Security concerns and costs force another St. Paul festival to cancel

After two years off due to COVID, St. Paul’s most popular summer festivals were poised to make a comeback. But a new post-pandemic reality has put several of the city’s big celebrations on hold again. The perceived threat of the virus may have largely receded, but another threat has taken its place: namely, mounting security concerns and costs.

The latest casualty, the organizers of the Little Mekong Night Market, told the Pioneer Press the anticipated cost of police protection for the July 4 event blew up their plans.

Early last week, they changed their mind. The event — which drew some 30,000 attendees over a single weekend in 2019 — has officially been canceled in light of policing costs, which have ballooned from $20,000 to an estimated $75,000-$100,000.

In other words, policing would take up more than half the event budget.

“We started crunching numbers and getting estimates back and we said, Oh wow! We can’t afford this,” said Va-Megn Thoj, executive director of the association, which is based on University Avenue in St. Paul. “It was the police budget that made us decide not to move forward. … A lot of people will be very disappointed.”

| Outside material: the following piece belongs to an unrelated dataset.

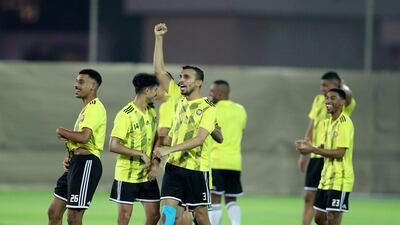 UAE player Walid Abbas celebrates during training before the game between the UAE and Vietnam. Chris Whiteoak / The National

At least four more well-known St. Paul festivals have also canceled so far this year, including the Grand Old Day and Cinco de Mayo parades. It’s not just the increase in violent crime sweeping the Twin Cities that’s led to the need for a greater police presence. Now authorities and event organizers must take into account the reality that large crowds have become targets in other cities.

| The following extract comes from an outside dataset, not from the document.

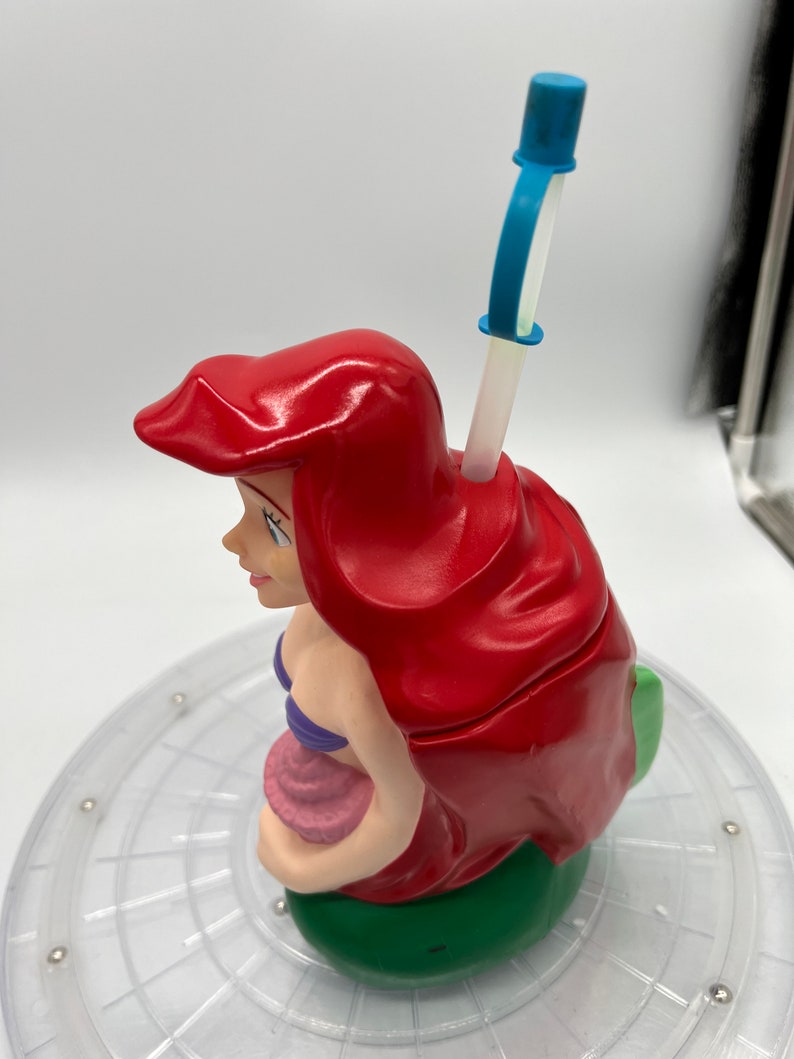 Op de afbeelding: Een rode en groene plastic beker in de vorm van Ariel, de Kleine Zeemeermin, met een blauwe en witte rietje.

Pointing to criminal incidents in which drivers killed multiple protesters in Charlottesville, Virginia and parade-goers in Waukesha, Wisconsin, St. Paul Police have effectively professionalized the security regimen around outdoor community festivals. Event planners had traditionally left traffic control to volunteers and security to off-duty officers who set their own rates.

Under a new event-staffing model that rolled out last year, St. Paul now requires on-duty uniformed officers paid police overtime rates, concrete intersection barriers instead of more casual A-frame wooden barriers, and other improvements. That’s driven up costs, and nonprofit festival organizers say they don’t have the money.

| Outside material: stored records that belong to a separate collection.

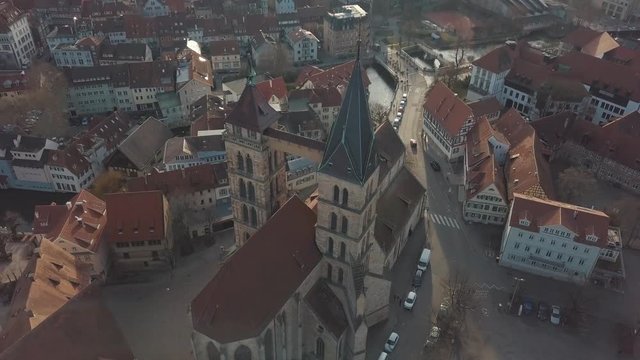 Aerial drone footage of the beautiful medieval german city of Esslingen am Neckar on a bright and sunny day with traditional architecture of Baden Wuerttemberg or Bavaria in Germany
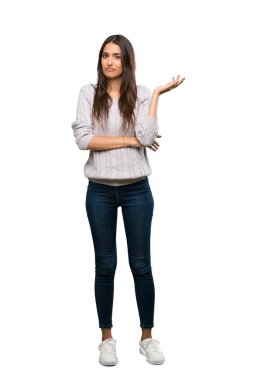 A full-length shot of a Young hispanic brunette woman unhappy for not understand something over isolated white background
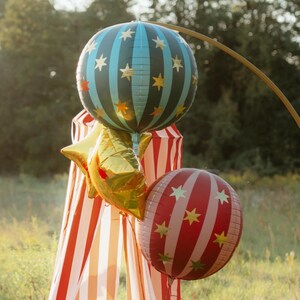 K&ouml;nnte beinhalten: Eine Sammlung festlicher Ballons auf einem Feld. Die Ballons umfassen eine gro&szlig;e, blaugr&uuml;n und schwarz gestreifte Kugel mit goldenen Sternen, einen goldfarbenen sternf&ouml;rmigen Ballon und eine rot-wei&szlig; gestreifte Kugel mit goldenen Sternen. Im Hintergrund befindet sich ein rot-wei&szlig; gestreiftes Zelt.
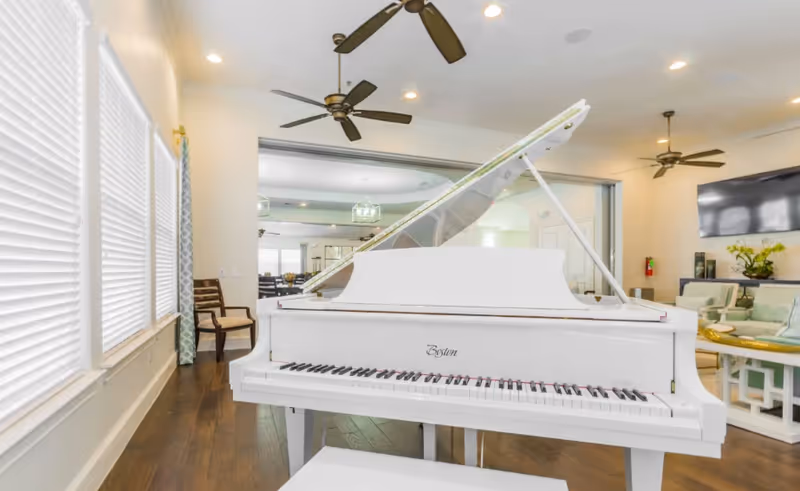 White grand piano in a bright senior living lounge with ceiling fans and seating.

But some festival planners say the new security requirements were enacted by the city without discussing the impact of the change in security demands with them. As a result, the organizers of the White Bear Avenue Parade have decided to move the event out of St. Paul this year in a bid to avoid canceling it.

“The parade will be much shorter, and a much smaller scale, but we’re hopefully building on that for future years,” [Lisa] Theis said.

“The general fear of the bad things that could happen have made security tighter and tougher,” she acknowledged. “The trouble is most folks who put on community events, we don’t put them on to make a profit. To include all this extra cost for security and concrete barriers, we just don’t have it.”

Organizers of the canceled festivals hope to discuss finding a balance between the need for heightened security and their financial constraints with city officials in time to reboot next year. But for now, authorities evidently aren’t willing to take any chances given the current realities on the street.